DATA FOR PROCESSING:
┏━━
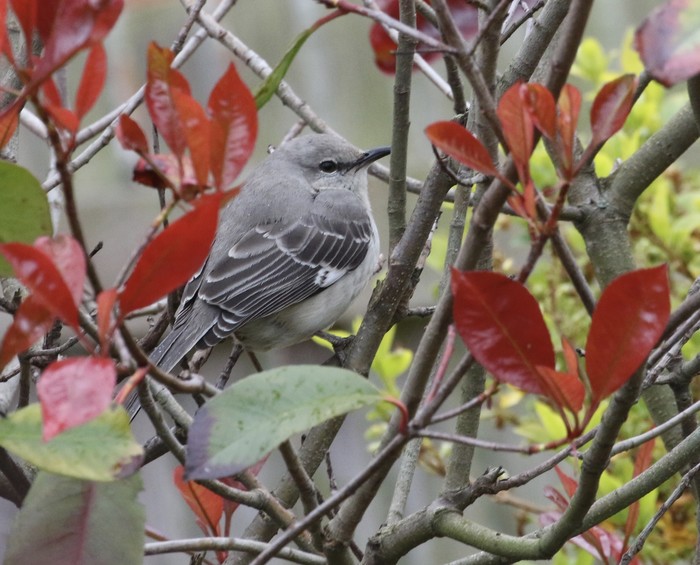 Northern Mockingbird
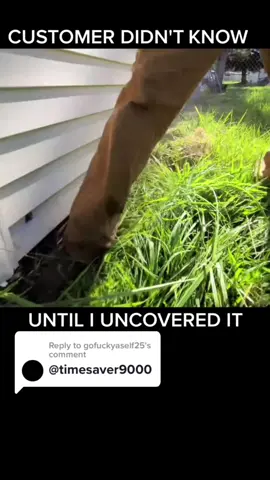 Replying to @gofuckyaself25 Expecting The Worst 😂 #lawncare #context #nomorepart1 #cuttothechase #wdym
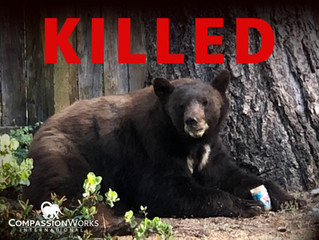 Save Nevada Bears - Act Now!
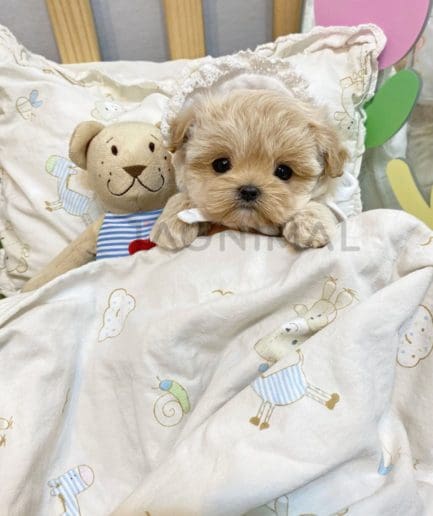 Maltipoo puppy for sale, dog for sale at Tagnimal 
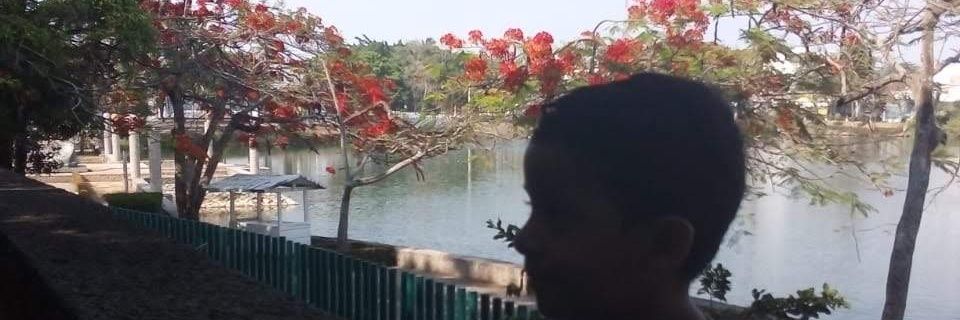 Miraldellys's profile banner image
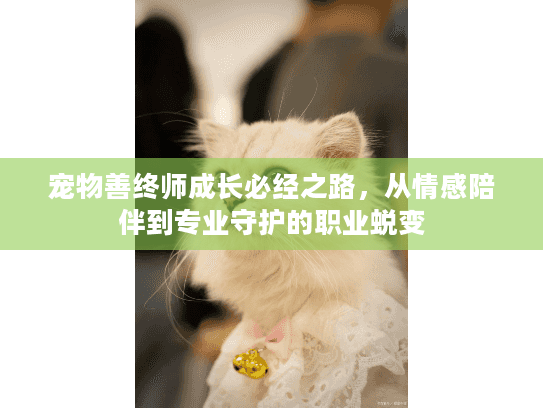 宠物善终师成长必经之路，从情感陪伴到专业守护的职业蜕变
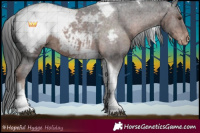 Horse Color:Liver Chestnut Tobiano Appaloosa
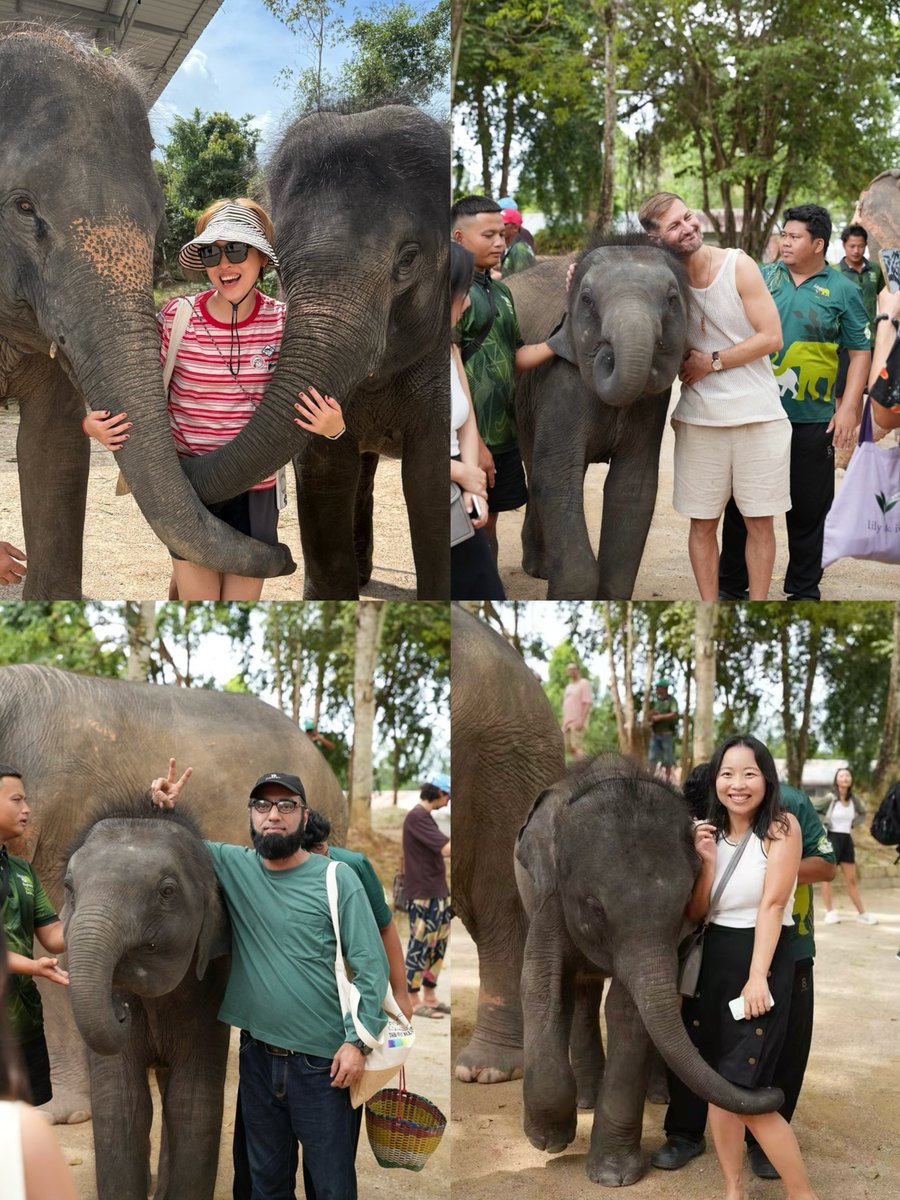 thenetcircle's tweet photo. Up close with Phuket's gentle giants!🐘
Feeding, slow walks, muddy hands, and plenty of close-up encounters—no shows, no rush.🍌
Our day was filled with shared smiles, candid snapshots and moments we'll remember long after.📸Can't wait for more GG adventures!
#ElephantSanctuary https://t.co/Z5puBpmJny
┗━━
┏━━
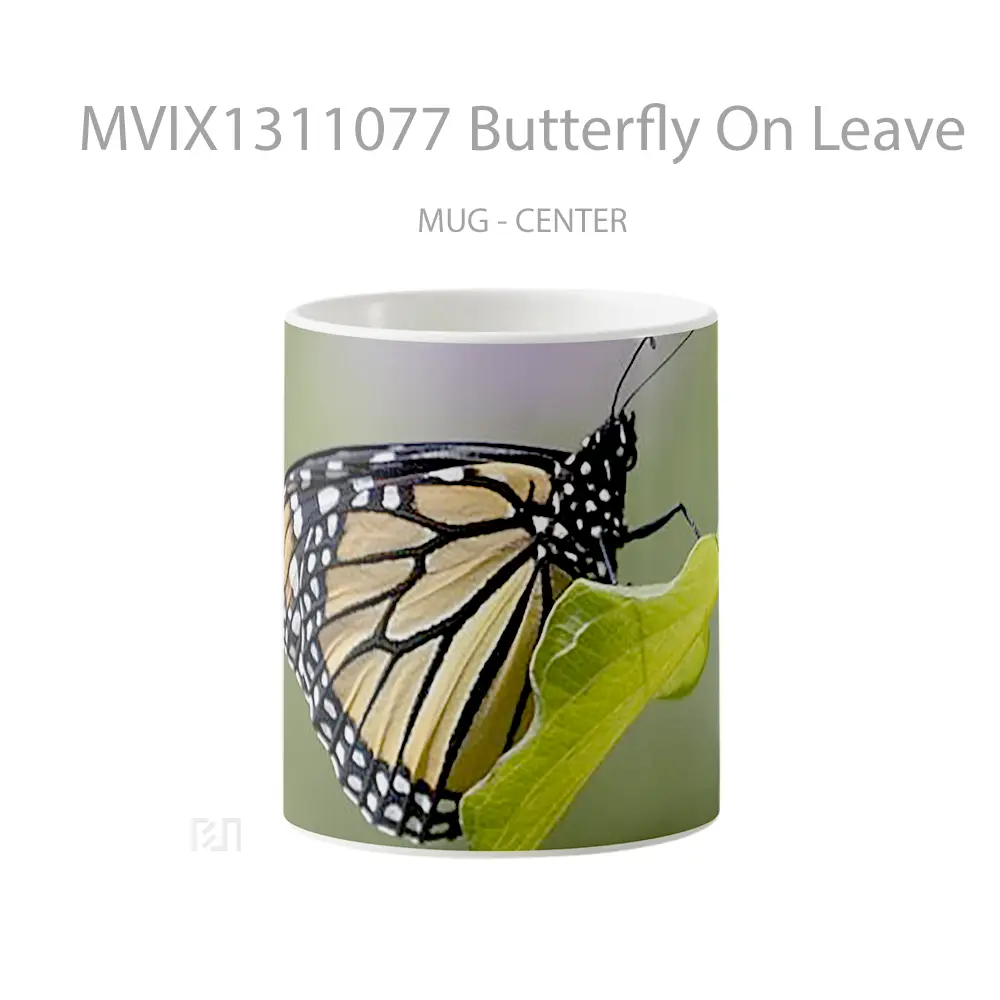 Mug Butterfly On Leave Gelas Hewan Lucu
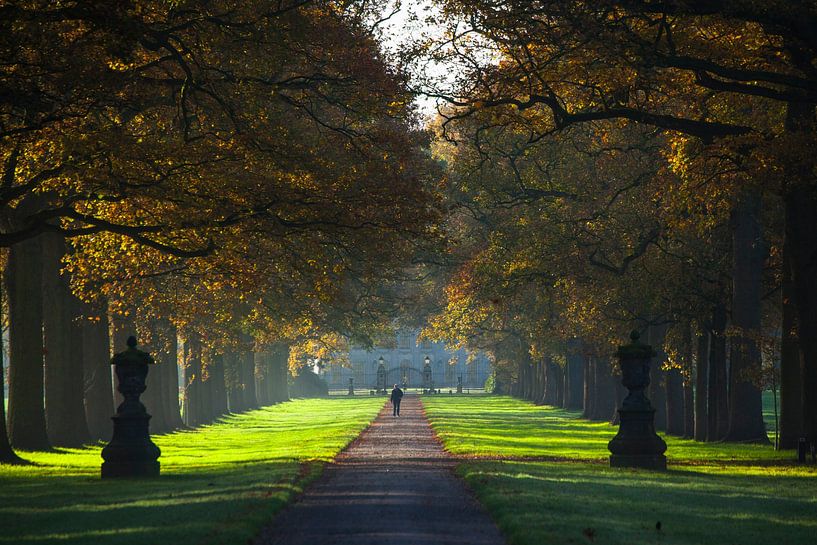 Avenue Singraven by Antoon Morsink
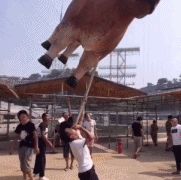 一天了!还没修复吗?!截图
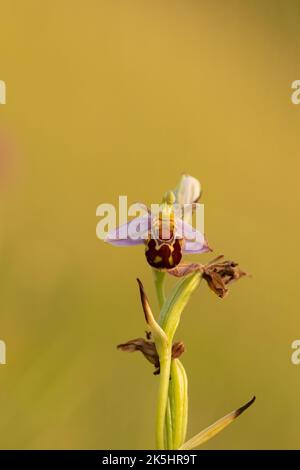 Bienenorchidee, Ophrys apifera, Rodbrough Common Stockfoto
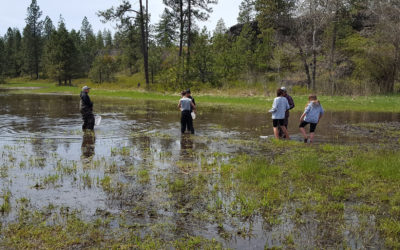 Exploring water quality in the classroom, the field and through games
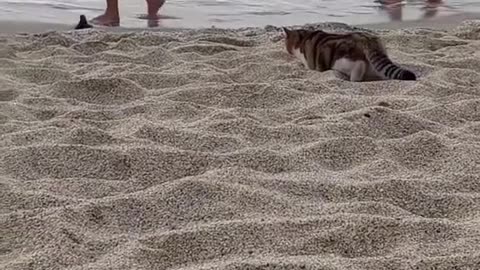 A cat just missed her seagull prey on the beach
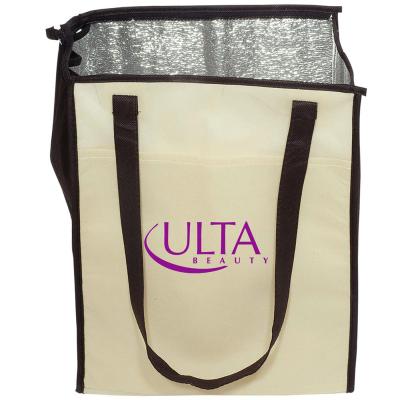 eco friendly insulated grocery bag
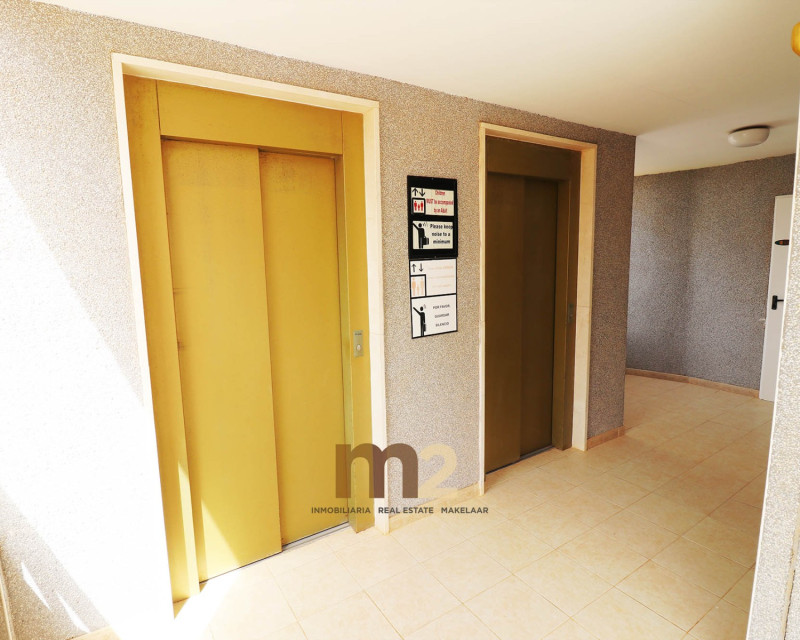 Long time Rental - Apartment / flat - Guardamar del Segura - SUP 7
┗━━
GOAL OF THE EXERCISE:
Looking above, find the stretch of lines that opens with the one holding "Northern Mockingbird" and closes with the one holding "#ElephantSanctuary https://t.co/Z5puBpmJny". Copy it exactly, pictures excluded.

YOUR SOLUTION:
 Northern Mockingbird
 Replying to @gofuckyaself25 Expecting The Worst 😂 #lawncare #context #nomorepart1 #cuttothechase #wdym
 Save Nevada Bears - Act Now!
 Maltipoo puppy for sale, dog for sale at Tagnimal 
 Miraldellys's profile banner image
 宠物善终师成长必经之路，从情感陪伴到专业守护的职业蜕变
 Horse Color:Liver Chestnut Tobiano Appaloosa
 thenetcircle's tweet photo. Up close with Phuket's gentle giants!🐘
Feeding, slow walks, muddy hands, and plenty of close-up encounters—no shows, no rush.🍌
Our day was filled with shared smiles, candid snapshots and moments we'll remember long after.📸Can't wait for more GG adventures!
#ElephantSanctuary https://t.co/Z5puBpmJny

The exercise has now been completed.